Why it’s important to be able to detect fake videos
As a result of the ever-increasing consumption of social media and online content more and more people are relying on the internet as their (trusted) source for news. Nowadays more video content is generated in about 30 days than the major television networks have created in the past 30 years
In a 2018 survey, it was found that 50% of the people age between 18 to 29 years believe that the content on new websites, apps, and social media are truthful and real.
It is a fact that the creation, editing and propagation of digital videos are an effective way to propagate fake news. Human faces do get the main interest when manipulating, this is obvious due to the fact that face and expressions play a central role in human communication, expressions can emphasize a message for example.
New tools have already demonstrated their dangerous potential, having been used to abuse persons or causing political or religious tensions between countries.
It is assumed that more complex tools will appear in the near future. Therefore it is necessary to understand the technologies behind to detect fake videos and to filter out malicious content from the internet.
Detecting fake content
I extended the experiment to find out if it is possible to detect fake content using the selected First Order Motion model. The Exposing DeepFake videos model is based on the observation that current deepfake algorithms can only generate images in limited resolutions, which then are further enhanced to match the original faces in the source video as good as possible. Luckily such transforms leave distinctive artifacts in the resulting fake videos. So, the approach is to detects these artifacts by comparing the generated face areas and their surrounding regions with a dedicated Convolutional Neural Network (CNN) model.
Video: detecting fake videos created with the First Order Motion model.
It is relatively easy to use neural networks to create – but also detect – fake video content.
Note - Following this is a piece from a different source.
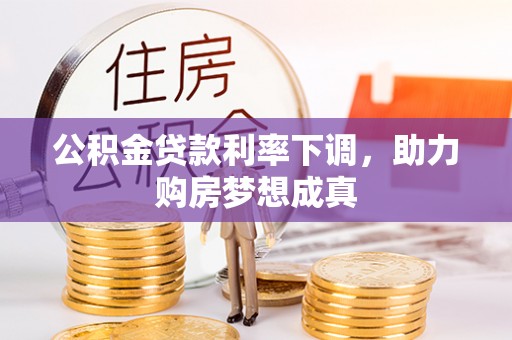 阿拉尔公积金贷款利率下调，助力购房梦想成真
Although you need a large amount of training data and computing power to generate – and detect - realistic (fake) content.
One of my learnings throughout my research is that good quality results can be achieved by correctly pre-processing your data, choosing videos with high resolution and making sure that there are no objects near the face.
To conclude: Detecting fake content is possible to some extent, however in most cases it will be very hard to reach the best quality because not all methods to create fake videos are open-source, so we can’t use this data in model training to detect more fake contain. This will be a continuous challenge in the future because better methods are going to be created and models must retrain to detect these contents.